I do believe that's what we're talking about
Hence Final drive ratio, the steps (gears) are multiplied by a constant ratio, changing this ratio changes the overall ratio of all gears
Yes, that is all I'm trying to say. I can not speak for Mr Warp, but that's what I understand his point to be. In order for there to be a true comparison (apples to apples) the data has to be measured at the same point. That's why I'm asking Mr Warp what his constant is. What you say is true because the ratio change will apply more torque if MPH remains constant, what he says is true because the ratio change will decrease the rear wheel speed if engine rpm remains constant. Yes it does not matter because the seat of the pants feel of the bike will improve. The ratio changes that you documented so well are as I said before so subtle that the trade off in top speed is far outweighed by the increased responsiveness of the throttle, through increasing the multiplier of the torque.

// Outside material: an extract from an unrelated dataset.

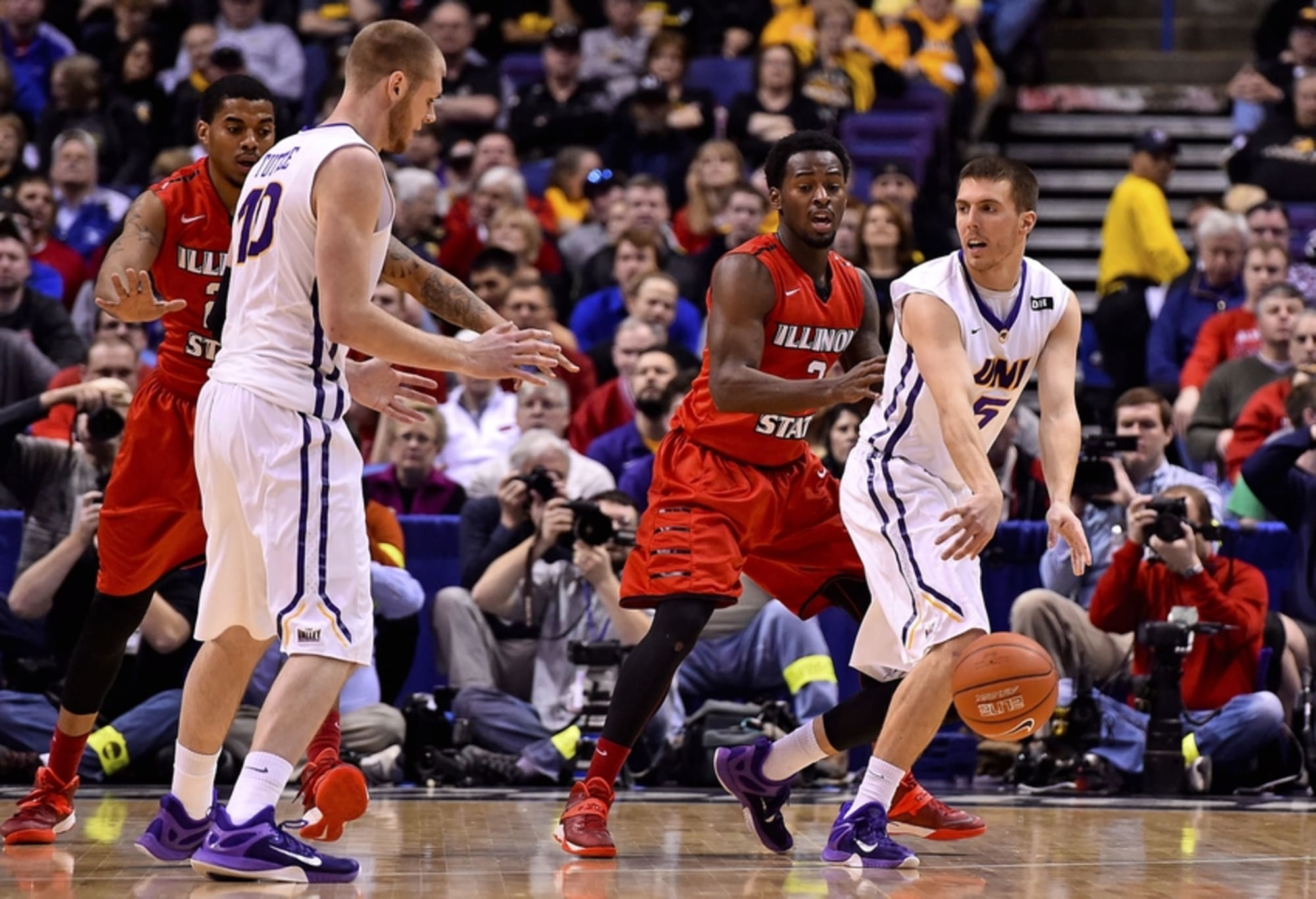 March Madness 2015 Northern Iowa wins Missouri Valley Conference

All I was trying to do was to add some simplicity to this conversation, there is a wealth of great information here. We are splitting hairs here because it's a very worthwhile modification with a very small percentage trade off. I believe all of the math you have presented more than proves this. I think this info would be very useful to someone who didn't quite get what they wanted out of engine mods or needs help to make a not so ideal cam swap rideable. Hell, a simple pulley change would make a stage one or even stock bike for that matter a much more fun bike to ride I find all of this deep tech talk very entertaining, but I think a large number of forum members may look at the last few pages as pretty draining. IMO we do understand all that is going on here and I think all this effort would be put to better use trying to help others figure out if a gearing change would be in their best interest.

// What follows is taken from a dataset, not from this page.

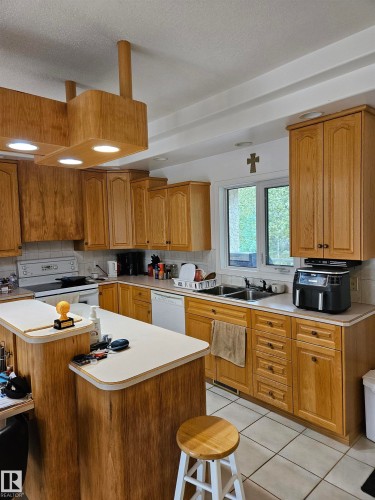 4317 53 Street, St. Paul Town, AB - Indoor Photo Showing Kitchen With Double Sink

It would only matter if you went to such a crazy ratio extreme that the rear wheel was turning way way less. but we're far away from doing anything even close to that. Heck even with the 30/70 pulley change, we are still far away from a pure performance overall drive ratio (in the 3.23 and upwards of 4.11 territory).
The formula for figuring the multiplied torque result at the wheel is posted on the last page I think- it's a bit longer formula but does support the data.
The formula for figuring the multiplied torque result at the wheel is posted on the last page I think- it's a bit longer formula but does support the data.
#50
LA Dog, here's a link to the article again, to make it easier for others to read the whole thing and decide for themselves what they think it says.
http://www.nrhsperformance.com/tech_power.shtml
Fat11LO, It's probably easiest and most convenient to use engine rpm as the constant. That will keep engine output (at full throttle) the same for all the gearing ratios you might want to plug in, making it easier to distinguish which changes in wheel rpm and torque are due solely to the gearing changes.
http://www.nrhsperformance.com/tech_power.shtml
Fat11LO, It's probably easiest and most convenient to use engine rpm as the constant. That will keep engine output (at full throttle) the same for all the gearing ratios you might want to plug in, making it easier to distinguish which changes in wheel rpm and torque are due solely to the gearing changes.